Shared in accordance with the "fair dealing" provisions, Section 29, of the Copyright Act.

 

Are we making too much of a few casualties?

Lawrence Martin, Globe & Mail, 13 Jul 06

 

'What do you guys in the media expect? A war without deaths?"

 

"Uh, no. What's your point?"

 

The point, a senior Conservative was saying, is that if the media keep giving massive coverage to every single death of every single Canadian soldier, support for the Afghanistan mission will be undermined.

 

The public can only take so many stories about the life of some heroic lad or valorous young woman being taken.

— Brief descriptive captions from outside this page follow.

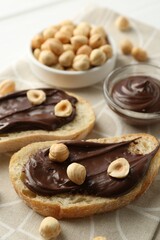 Slices of bread with chocolate spread and hazelnuts on table, closeup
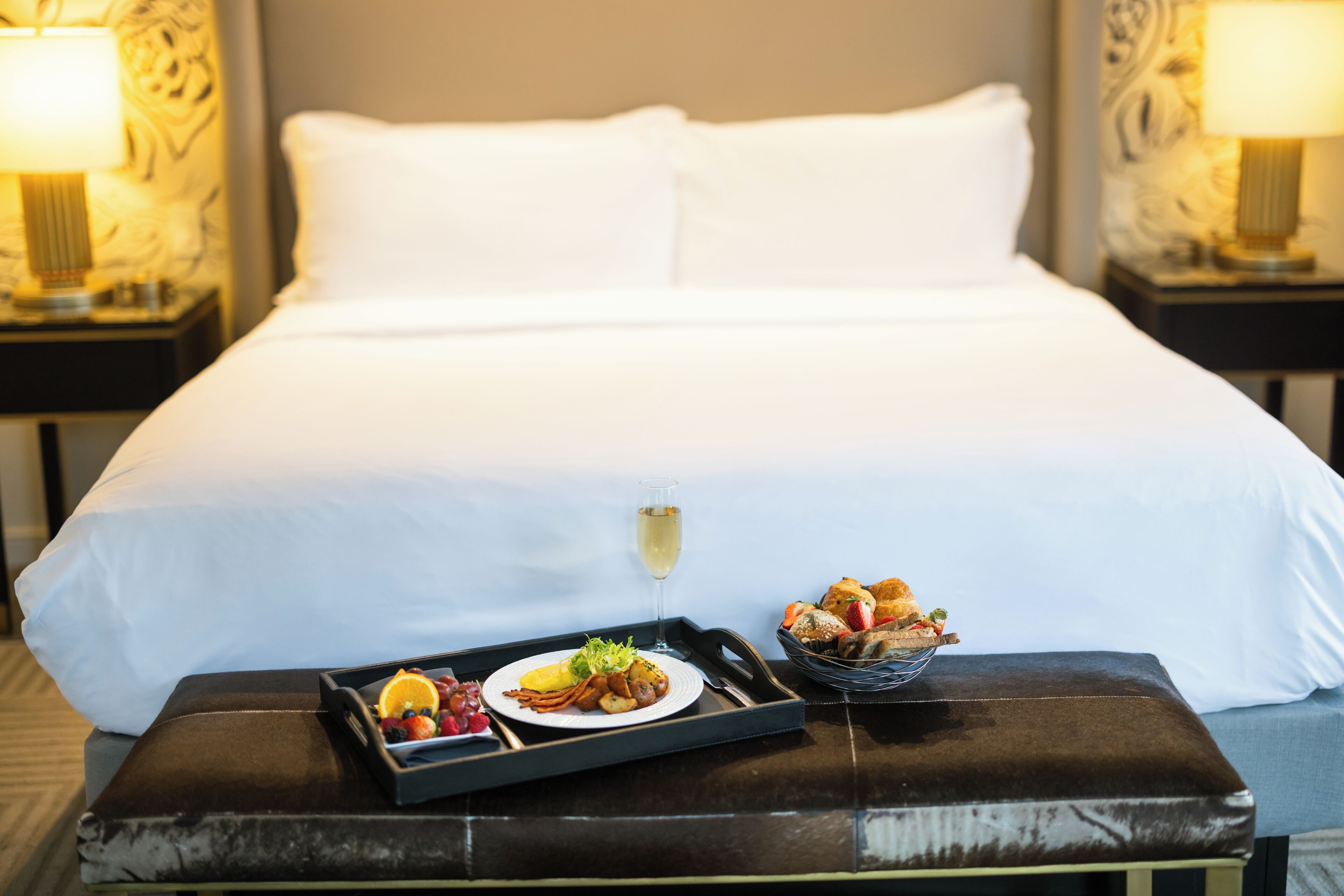 A hotel room with a neatly made bed, a tray with breakfast items, and a glass of champagne.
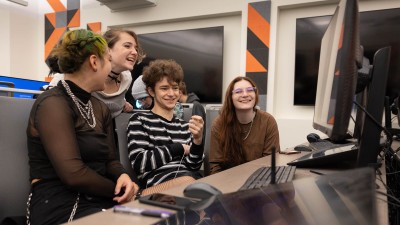students smile and laugh as they look at a computer in a lab.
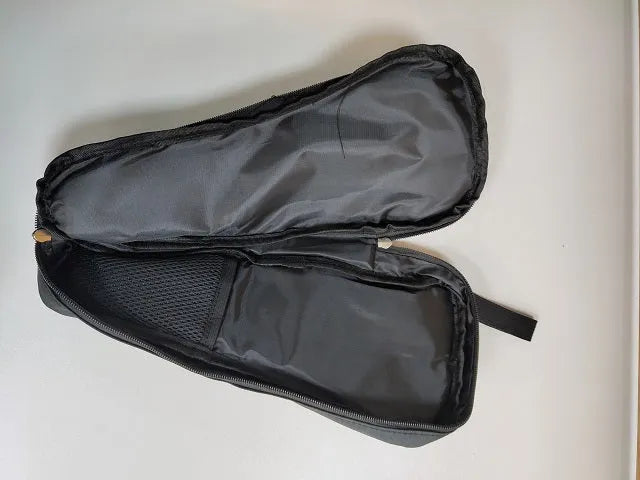 Black cloth storage bag for mobile phone stabilizer, open to show padded foam interior and dual zippers.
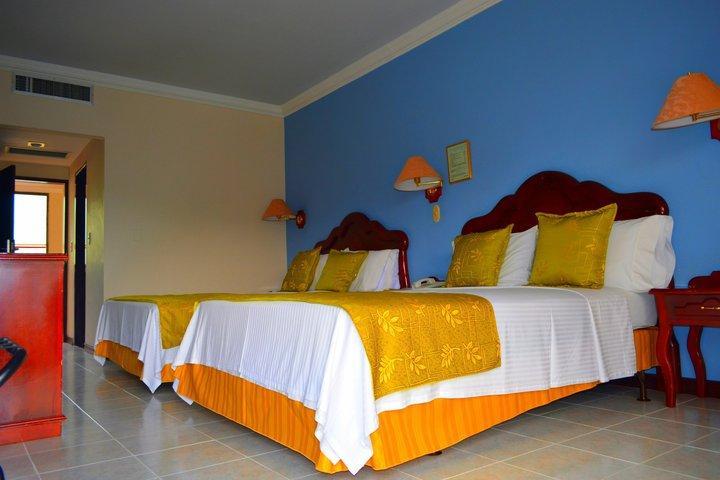 Casa Morales Hotel Internacional Y Centro De Convenciones Ibagué Exterior foto A room at the hotel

Why, he wondered, does every single one of them merit Titanic-scale coverage?

 

By comparison, in the two world wars and in Korea, our men died daily, sometimes by the dozens, sometimes more -- and they barely got agate type.

 

But today's Canadians are babes in the woods as far as war goes. We haven't had a good-sized war in half a century. So every fallen soldier is worth many thousands of words.

 

The problem, the Conservative was saying, is that you don't win wars that way. You lose them because you sap the hell out of public morale.

 

The tiny numbers of casualties, in fact, are a more persuasive argument that the war is going well as opposed to vice versa. But you'd never get that impression. Many Conservatives are wondering, and many in the military as well, if the gusher-coverage is ever going to stop. When will the media give as much prominence to the numbers of the enemy dead as our own?

 

News is defined by the degree of novelty. Some day, maybe soon, editors will decide that one soldier being struck down isn't such big news any more. It's war. It happens all the time. The young enlist with the risk.

 

At the same time, no one can be callous enough to deny the fallen their special standing. Most are kids. They have been indoctrinated -- as soldiers are everywhere -- into total faith in their mission and have not had the time in life to draw a sophisticated understanding of what it is really all about. They are, in a sense, sacrificial lambs.

 

The media judgment in regard to them is subjective. There are few standards or set rules or formulas. War being so unusual for modern Canada, the public appetite for the big spread on every killed corporal is there. One of the recent losses was a woman. A unique story. Another, this week, was a soldier who didn't appear to buy completely into the military party line.

 

But, at the same time, there is a big responsibility not to oversell small numbers of deaths. In terror, and in war, if you overreact to losses, the enemy wins.

 

The Harper government is right to be concerned about the coverage and right, if it is excessive, to want it limited. It is the one policy area in which the Conservatives are most vulnerable. Mr. Harper has one great fear. It is that Afghanistan, in all its hopelessness, becomes the defining issue of his stewardship.

 

The Conservatives made a snap decision, politically motivated, to extend the mission and force an early vote in Parliament. There was no necessity for that rush to judgment. They closed off alternative paths. They set a potential trap for themselves.

 

Mr. Harper is a realist, an independent thinker. He is one of the least likely of leaders to be bulldozed by propaganda and locked in a fantasy world. We observed this last week in the adroit way he handled George W. Bush on his visit to Washington. No public happy birthday wish, no Georgie to match the "Steve," and a sizable public rebuke of the President. He told the U.S. leader that by introducing passports at the border, his government risked building a closed society and playing right into the terrorists' hands. It's not often that a Canadian leader has stood in the White House and been that bold.

 

Mr. Harper knows the scale of the calamity in Iraq. He can see far enough beyond the predictably Pollyannaish assessments of Chief of Defence Staff General Rick Hillier to know that the chances of winning in Afghanistan are increasingly bleak.

 

He can appreciate that if a handful of deaths can cause such a media outburst, imagine what might happen if the numbers become truly serious.

 

He's too smart, too aware, too strategically minded to let his government get dragged down by Afghanistan. But staring him in the face are his own celebrated words: "We're not going to cut and run." It doesn't leave him with much in the option box.